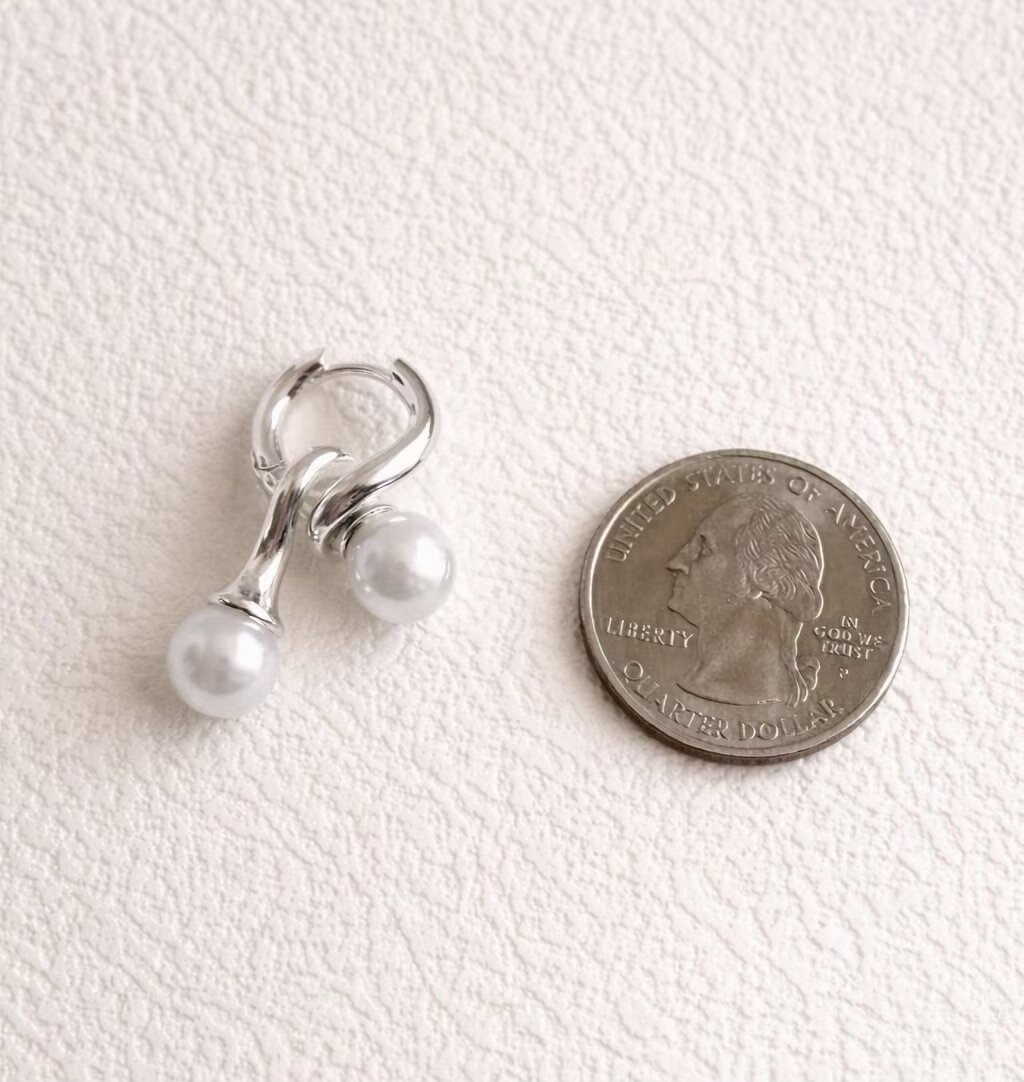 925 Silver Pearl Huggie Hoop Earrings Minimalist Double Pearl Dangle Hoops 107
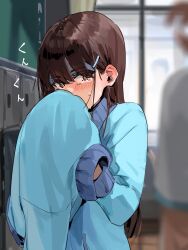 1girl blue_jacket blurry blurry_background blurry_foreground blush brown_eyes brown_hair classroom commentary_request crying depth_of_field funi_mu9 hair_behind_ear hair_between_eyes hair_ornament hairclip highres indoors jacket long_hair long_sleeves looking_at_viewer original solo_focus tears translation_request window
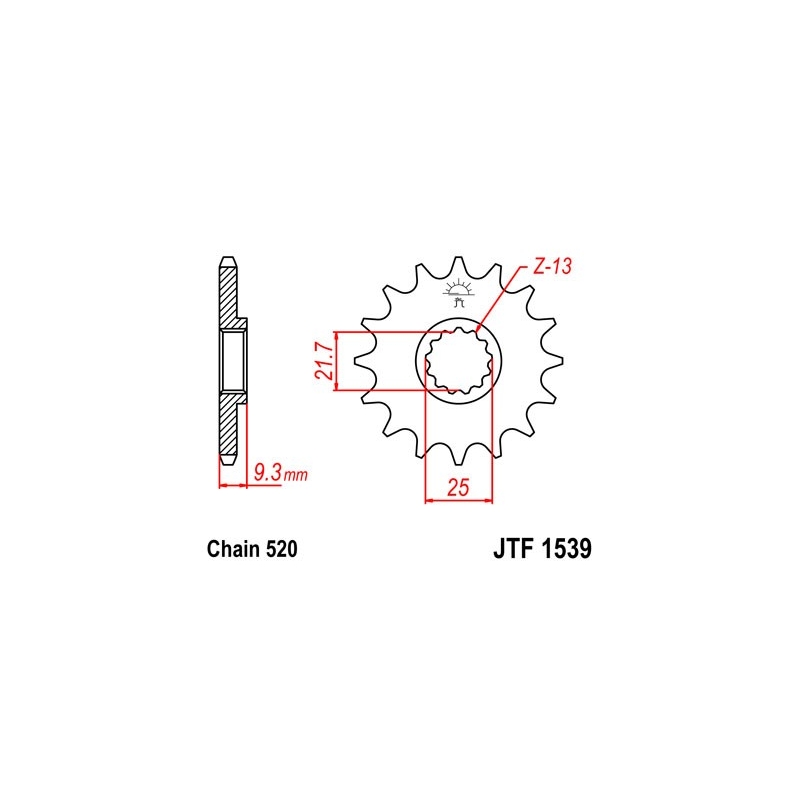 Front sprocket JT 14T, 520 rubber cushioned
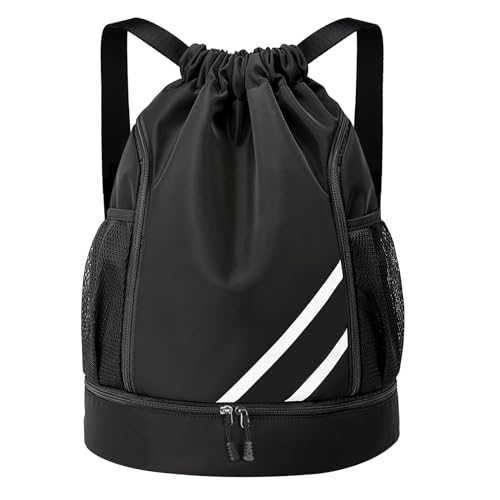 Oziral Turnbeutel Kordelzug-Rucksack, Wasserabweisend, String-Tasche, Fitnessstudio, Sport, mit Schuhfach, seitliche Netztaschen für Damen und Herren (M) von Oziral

→ **Aim of the task**: Pictures stay out; everything else in the listing above gets repeated exactly.

→ **Task solution**:
 925 Silver Pearl Huggie Hoop Earrings Minimalist Double Pearl Dangle Hoops 107
 1girl blue_jacket blurry blurry_background blurry_foreground blush brown_eyes brown_hair classroom commentary_request crying depth_of_field funi_mu9 hair_behind_ear hair_between_eyes hair_ornament hairclip highres indoors jacket long_hair long_sleeves looking_at_viewer original solo_focus tears translation_request window
 Front sprocket JT 14T, 520 rubber cushioned
 Oziral Turnbeutel Kordelzug-Rucksack, Wasserabweisend, String-Tasche, Fitnessstudio, Sport, mit Schuhfach, seitliche Netztaschen für Damen und Herren (M) von Oziral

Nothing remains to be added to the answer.